:: Task requirements ::
Please reproduce the entries below exactly from the line with "presale BLP0811 Christmas" through their last line, leaving out any pictures.

Image-text web data

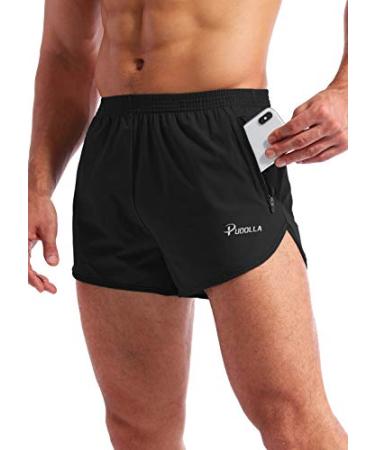 Pudolla Mens Running Shorts 3 Inch Quick Dry Gym Athletic Workout Shorts for Men with Zipper Pockets Medium Black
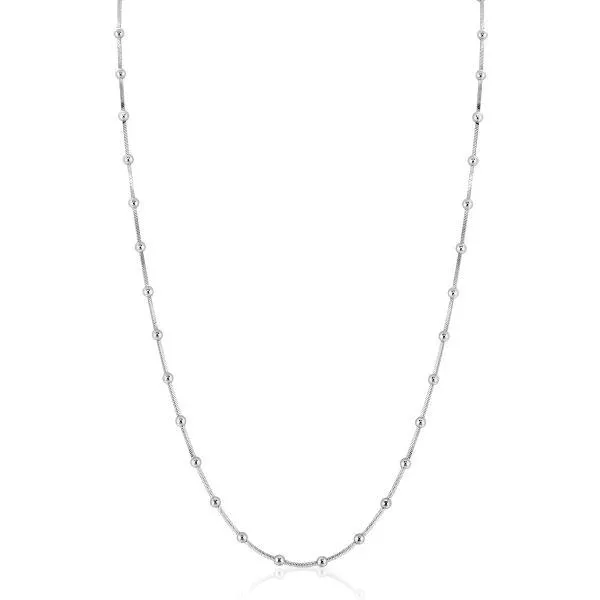 ZINZI zilveren slangen-ketting met vierkant geslepen schakels en 40 verfijnde glanzende bolletjes (2,5mm breed) 43-45cm ZIC2471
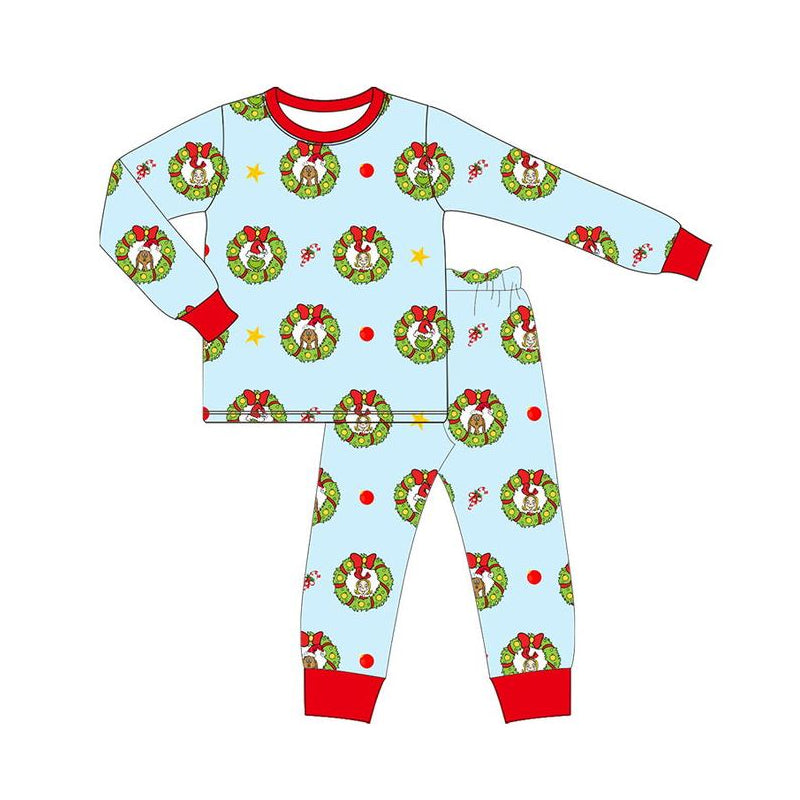 presale BLP0811 Christmas Wreath Red Trim Blue Long Sleeve Long Pants Pajama Set  2024 8.3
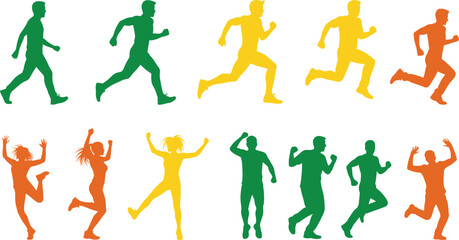 Naklejka premium Colorful silhouettes of people running and dancing, active movement, fitness and energy, vibrant exercise poses, dynamic body motion, joyful healthy lifestyle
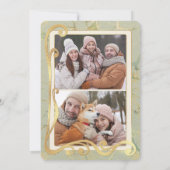 Joyeux Noël Sage Vert et Or 2 Carte photo (Dos)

:: Reply to the task ::
 presale BLP0811 Christmas Wreath Red Trim Blue Long Sleeve Long Pants Pajama Set  2024 8.3
 Naklejka premium Colorful silhouettes of people running and dancing, active movement, fitness and energy, vibrant exercise poses, dynamic body motion, joyful healthy lifestyle
 Joyeux Noël Sage Vert et Or 2 Carte photo (Dos)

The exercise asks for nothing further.